Secrets (e.g. container pull secrets)

To have bootc fetch updates from registry which requires authentication, you must include a pull secret in /etc/ostree/auth.json.

Another common case is to also fetch container images via podman or equivalent. There is a pull request to add /etc/containers/auth.json which would be shared by the two stacks by default.

Regardless, injecting this data is a good example of a generic "secret". The bootc project does not currently include one single opinionated mechanism for secrets.

Embedding in container build

This was mentioned above; you can include secrets in the container image if the registry server is suitably protected.

In some cases, embedding only "bootstrap" secrets into the container image is a viable pattern, especially alongside a mechanism for having a machine authenticate to a cluster.
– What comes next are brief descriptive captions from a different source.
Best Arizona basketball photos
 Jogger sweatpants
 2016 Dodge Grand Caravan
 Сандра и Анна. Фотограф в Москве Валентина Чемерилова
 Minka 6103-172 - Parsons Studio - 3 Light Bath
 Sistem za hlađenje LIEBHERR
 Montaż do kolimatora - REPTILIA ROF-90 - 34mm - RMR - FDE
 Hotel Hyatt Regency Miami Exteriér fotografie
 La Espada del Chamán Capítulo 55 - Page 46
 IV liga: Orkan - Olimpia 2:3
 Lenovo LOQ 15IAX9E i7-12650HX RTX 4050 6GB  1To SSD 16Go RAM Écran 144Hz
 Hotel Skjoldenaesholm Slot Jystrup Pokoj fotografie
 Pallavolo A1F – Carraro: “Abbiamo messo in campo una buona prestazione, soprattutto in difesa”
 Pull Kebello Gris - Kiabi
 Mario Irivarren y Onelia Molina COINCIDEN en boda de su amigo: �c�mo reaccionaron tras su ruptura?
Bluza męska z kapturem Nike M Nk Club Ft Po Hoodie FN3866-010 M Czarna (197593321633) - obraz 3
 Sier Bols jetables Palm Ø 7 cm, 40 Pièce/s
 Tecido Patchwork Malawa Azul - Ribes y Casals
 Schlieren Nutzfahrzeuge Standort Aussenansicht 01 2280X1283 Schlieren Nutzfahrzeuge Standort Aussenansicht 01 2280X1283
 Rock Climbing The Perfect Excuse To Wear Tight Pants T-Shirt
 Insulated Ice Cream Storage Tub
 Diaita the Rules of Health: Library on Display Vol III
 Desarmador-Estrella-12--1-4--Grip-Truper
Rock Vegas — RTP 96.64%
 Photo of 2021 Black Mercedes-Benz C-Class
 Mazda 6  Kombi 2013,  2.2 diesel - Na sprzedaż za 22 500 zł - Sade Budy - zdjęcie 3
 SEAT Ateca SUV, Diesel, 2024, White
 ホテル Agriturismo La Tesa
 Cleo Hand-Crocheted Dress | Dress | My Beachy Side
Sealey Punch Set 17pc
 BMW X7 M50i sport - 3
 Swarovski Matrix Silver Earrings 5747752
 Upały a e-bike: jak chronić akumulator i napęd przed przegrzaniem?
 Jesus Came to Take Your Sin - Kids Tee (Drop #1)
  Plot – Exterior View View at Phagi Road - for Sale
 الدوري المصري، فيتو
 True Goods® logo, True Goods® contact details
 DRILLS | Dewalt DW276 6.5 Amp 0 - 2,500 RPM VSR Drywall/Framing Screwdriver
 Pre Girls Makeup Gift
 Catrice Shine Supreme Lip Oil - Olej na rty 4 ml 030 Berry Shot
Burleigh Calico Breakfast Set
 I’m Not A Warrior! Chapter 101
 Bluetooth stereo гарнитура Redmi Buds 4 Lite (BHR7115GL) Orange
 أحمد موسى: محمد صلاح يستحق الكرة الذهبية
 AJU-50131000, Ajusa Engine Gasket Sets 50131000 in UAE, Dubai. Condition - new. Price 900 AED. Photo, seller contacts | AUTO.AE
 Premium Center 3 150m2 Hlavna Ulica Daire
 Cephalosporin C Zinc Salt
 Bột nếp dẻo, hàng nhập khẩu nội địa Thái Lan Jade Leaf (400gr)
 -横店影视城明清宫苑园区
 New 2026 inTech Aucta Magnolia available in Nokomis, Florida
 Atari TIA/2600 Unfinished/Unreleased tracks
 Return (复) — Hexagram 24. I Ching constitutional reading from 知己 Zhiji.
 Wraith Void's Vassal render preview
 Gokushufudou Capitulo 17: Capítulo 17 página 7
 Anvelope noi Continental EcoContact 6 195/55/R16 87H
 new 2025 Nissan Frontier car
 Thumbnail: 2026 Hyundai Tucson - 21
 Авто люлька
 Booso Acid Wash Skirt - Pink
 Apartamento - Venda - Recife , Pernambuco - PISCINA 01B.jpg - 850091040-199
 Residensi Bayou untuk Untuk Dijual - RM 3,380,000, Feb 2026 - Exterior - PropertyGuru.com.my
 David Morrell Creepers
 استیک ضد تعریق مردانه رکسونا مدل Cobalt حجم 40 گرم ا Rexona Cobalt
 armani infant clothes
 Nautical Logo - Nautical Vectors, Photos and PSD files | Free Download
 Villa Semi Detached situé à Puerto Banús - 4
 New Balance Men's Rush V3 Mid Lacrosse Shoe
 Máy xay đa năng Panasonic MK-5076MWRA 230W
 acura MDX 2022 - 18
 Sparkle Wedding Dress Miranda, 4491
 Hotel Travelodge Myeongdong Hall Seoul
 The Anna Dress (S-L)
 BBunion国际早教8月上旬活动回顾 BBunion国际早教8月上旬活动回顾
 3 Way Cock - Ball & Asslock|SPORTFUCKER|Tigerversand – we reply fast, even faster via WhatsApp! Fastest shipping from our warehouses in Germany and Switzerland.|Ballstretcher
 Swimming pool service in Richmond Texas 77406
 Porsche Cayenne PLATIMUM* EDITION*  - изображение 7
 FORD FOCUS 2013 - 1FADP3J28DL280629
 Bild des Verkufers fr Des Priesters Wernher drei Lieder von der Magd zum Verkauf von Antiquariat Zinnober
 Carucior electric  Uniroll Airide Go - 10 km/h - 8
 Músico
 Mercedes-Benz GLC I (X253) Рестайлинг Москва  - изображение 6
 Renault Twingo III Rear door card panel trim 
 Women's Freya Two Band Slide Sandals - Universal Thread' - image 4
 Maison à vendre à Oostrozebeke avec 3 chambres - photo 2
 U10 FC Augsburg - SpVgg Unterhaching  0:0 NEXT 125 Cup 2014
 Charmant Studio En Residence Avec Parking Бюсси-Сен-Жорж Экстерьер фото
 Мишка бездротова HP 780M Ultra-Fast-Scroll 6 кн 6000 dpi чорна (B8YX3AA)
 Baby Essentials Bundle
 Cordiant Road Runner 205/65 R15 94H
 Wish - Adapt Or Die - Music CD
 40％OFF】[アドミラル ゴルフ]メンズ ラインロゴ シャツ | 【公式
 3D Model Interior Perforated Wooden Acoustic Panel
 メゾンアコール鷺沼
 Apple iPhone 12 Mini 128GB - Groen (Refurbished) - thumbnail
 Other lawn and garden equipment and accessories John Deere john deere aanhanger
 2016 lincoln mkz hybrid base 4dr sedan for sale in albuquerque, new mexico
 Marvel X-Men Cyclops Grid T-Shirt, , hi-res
In this pattern, a provisioning tool (whether run as part of the host system or a container image) uses the bootstrap secret to lay down and keep updated other secrets (for example, SSH keys, certificates).

Via cloud metadata

Most production IaaS systems support a "metadata server" or equivalent which can securely host secrets - particularly "bootstrap secrets". Your container image can include tooling such as cloud-init or ignition which fetches these secrets.

Embedded in disk images

Another pattern is to embed bootstrap secrets only in disk images. For example, when generating a cloud disk image (AMI, OpenStack glance image, etc.) from an input container image, the disk image can contain secrets that are effectively machine-local state. Rotating them would require an additional management tool, or refreshing disk images.

Injected via baremetal installers

It is common for installer tools to support injecting configuration which can commonly cover secrets like this.

Injecting secrets via systemd credentials

The systemd project has documentation for credentials which applies in some deployment methodologies.